4.2. Training Process

The specific configuration of the computer system used in the experiment is as follows: the operating system is Ubuntu and the processor is an Intel Xeon Silver 4216 quad-core CPU with 8 GB of RAM. The graphics card is an NVIDIA RTX3080 with 8 GB of video memory, of which 7 GB is used during model training. The programming language used is Python 3.8.15 and the implementation is based on the Pytorch 1.12.1 framework.
The following hyperparameters are set during model training: the number of iterations is 200, the batch size is 8, the learning rate is 0.0002, and the number of decay iterations is 100. These hyperparameters are carefully selected and adjusted to ensure the stability and effectiveness of the model training.
The proposed model analyzes the training process in detail by recording changes in the loss values of the model. Taking the training process for generating Yan Zhenqing’s regular script as an example, the variation in the loss value of the generator is shown in Figure 7a, and the variation in the loss value of the discriminator is shown in Figure 7b. Here, D _ A   Loss and D _ B   Loss are the loss values for the calligraphy character discriminator and the printed one, respectively. The loss values for both the generator and the discriminator progressively decrease, while the fluctuations decrease and eventually stabilize. This trend in the loss function demonstrates the effectiveness and stability of the proposed model during the training process.

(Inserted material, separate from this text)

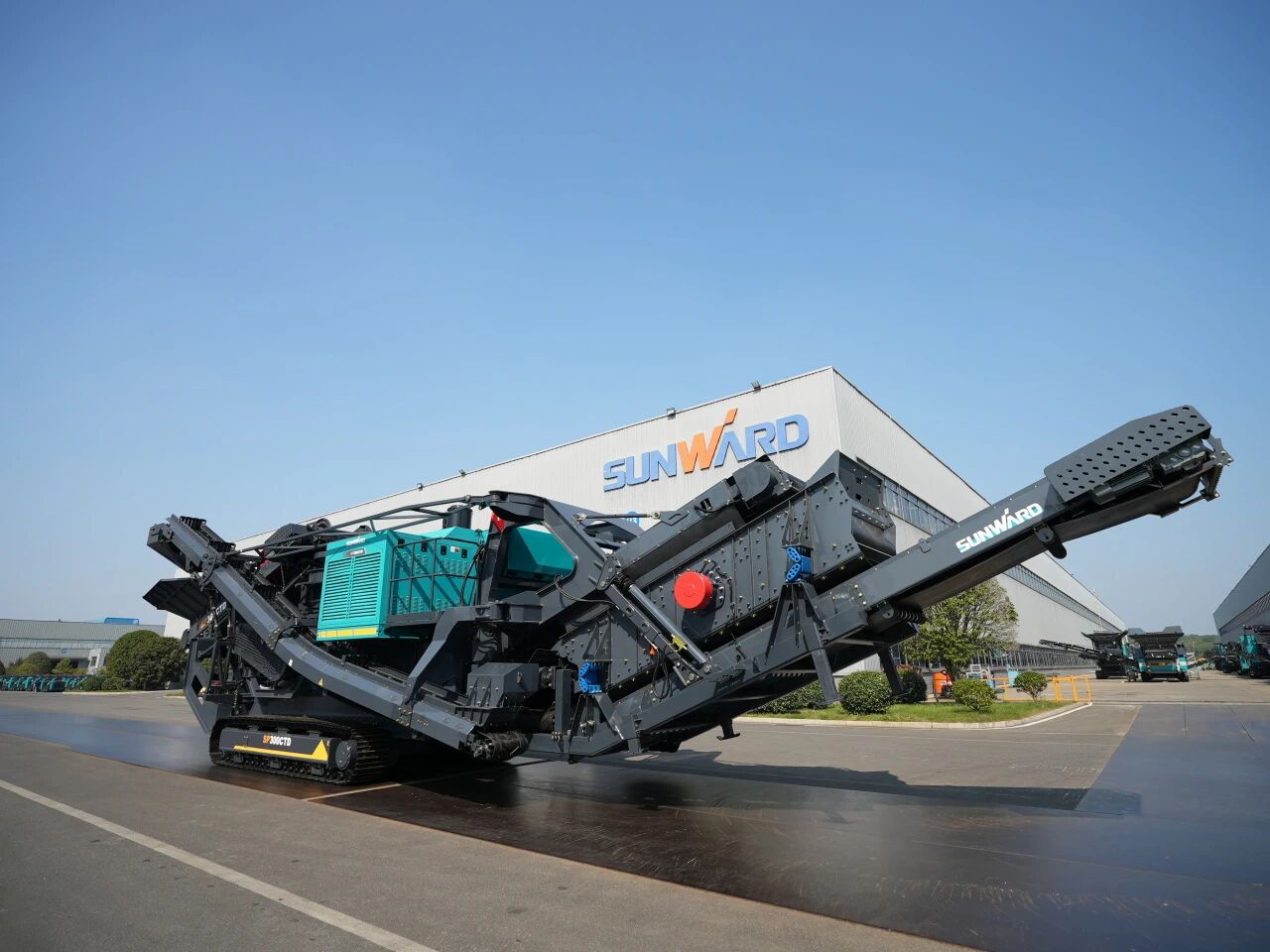 破局国际市场！。。。。，，，，，，，无惧极寒工况！龙8头号玩家智能SP300CTD柴电两用圆锥破碎站乐成下线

4.3. Comparative Experiments

In this paper, the proposed methods are compared qualitatively and quantitatively with four other methods. The following models are chosen: AGGAN [45], StarGAN-v2 [46], pix2pix [20], and CycleGAN. AGGAN is an improved GAN model that enhances the quality and diversity of the generated images by introducing an auxiliary classifier. StarGAN-v2 is an advanced image translation model specifically designed for multi-domain style translation. Pix2pix is an image translation model based on conditional GAN. CycleGAN is an image translation model for image translation between different domains. The proposed model can be comprehensively evaluated through comparative experiments with these four models by generating characters of three style calligraphy styles: Yan Zhenqing’s regular script, Deng Shiru’s clerical script, and Wang Xizhi’s running script.

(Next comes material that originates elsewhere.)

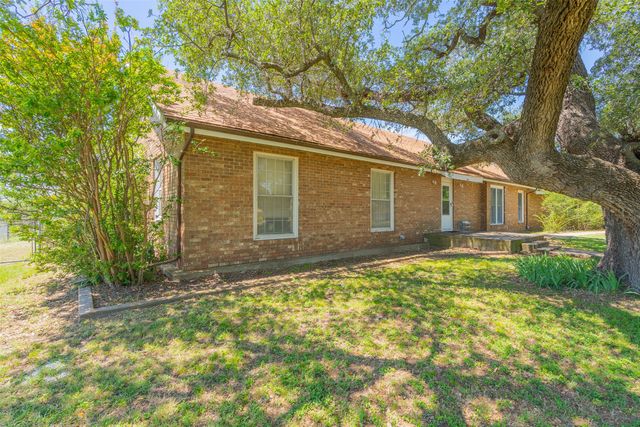 908 W Barnes Avenue, Comanche, TX 76442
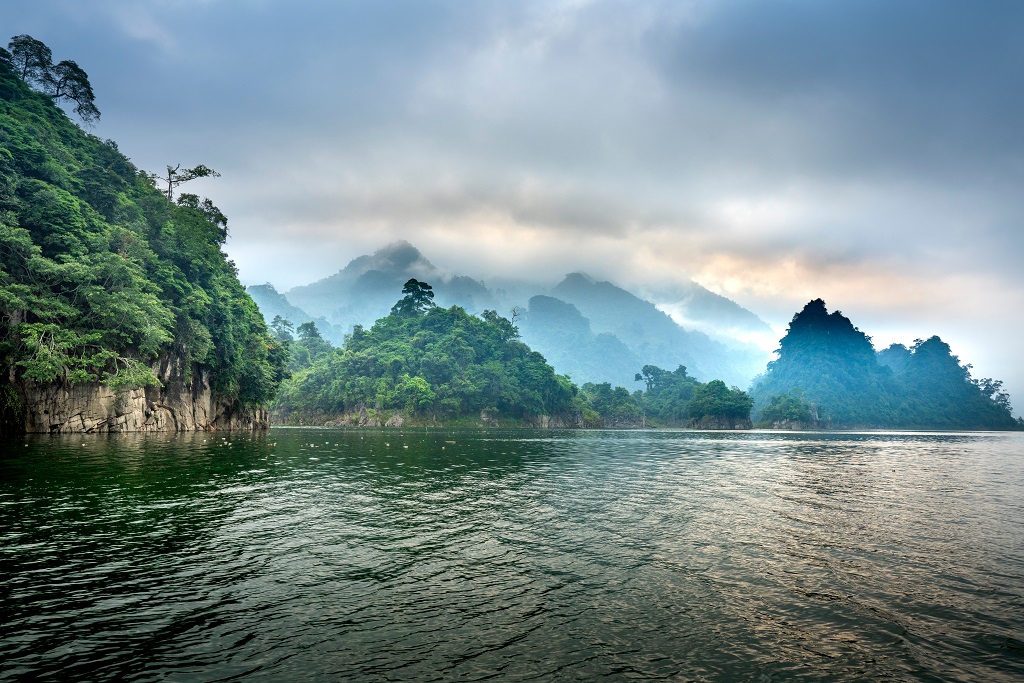Le paysage du lac Na Hang avec ses petites îles captivera les visiteurs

4.3.1. Qualitative Comparison

The comparative experimental results for the regular script, clerical script, and running script are shown, respectively, in Figure 8, Figure 9, and Figure 10.
(1)
Yan Zhenqing’s regular script
The generation results for Yan Zhenqing’s regular script are shown in Figure 8. In the comparative experiment, the calligraphy characters generated using AGGAN suffer from problems such as too thin strokes, missing strokes, and incomplete character structures. The calligraphy characters generated using StarGAN-v2 have a low similarity in style to the authentic ones, with significant deviations in detail and style. Calligraphy characters generated using pix2pix have problems with missing and distorted strokes. Calligraphy characters generated using CycleGAN have redundant strokes. On the other hand, the calligraphy characters generated using the proposed model, with clear strokes and complete structures, are more similar to the authentic ones in style and detail, including the rigorous structure and varied details of the strokes.
Figure 8. Comparison on regular script generation (The Chinese characters from upper to lower lines are named Shang, Bu, Wu, Yun, Yi, Ying, Biao, and Gui, respectively. The red squares and circles are used for comparison of details). (a) Printed characters. (b) AGGAN. (c) StarGAN-v2. (d) pix2pix. (e) CycleGAN. (f) Ours. (g) Authentic ones.
Figure 8. Comparison on regular script generation (The Chinese characters from upper to lower lines are named Shang, Bu, Wu, Yun, Yi, Ying, Biao, and Gui, respectively. The red squares and circles are used for comparison of details). (a) Printed characters. (b) AGGAN. (c) StarGAN-v2. (d) pix2pix. (e) CycleGAN. (f) Ours. (g) Authentic ones.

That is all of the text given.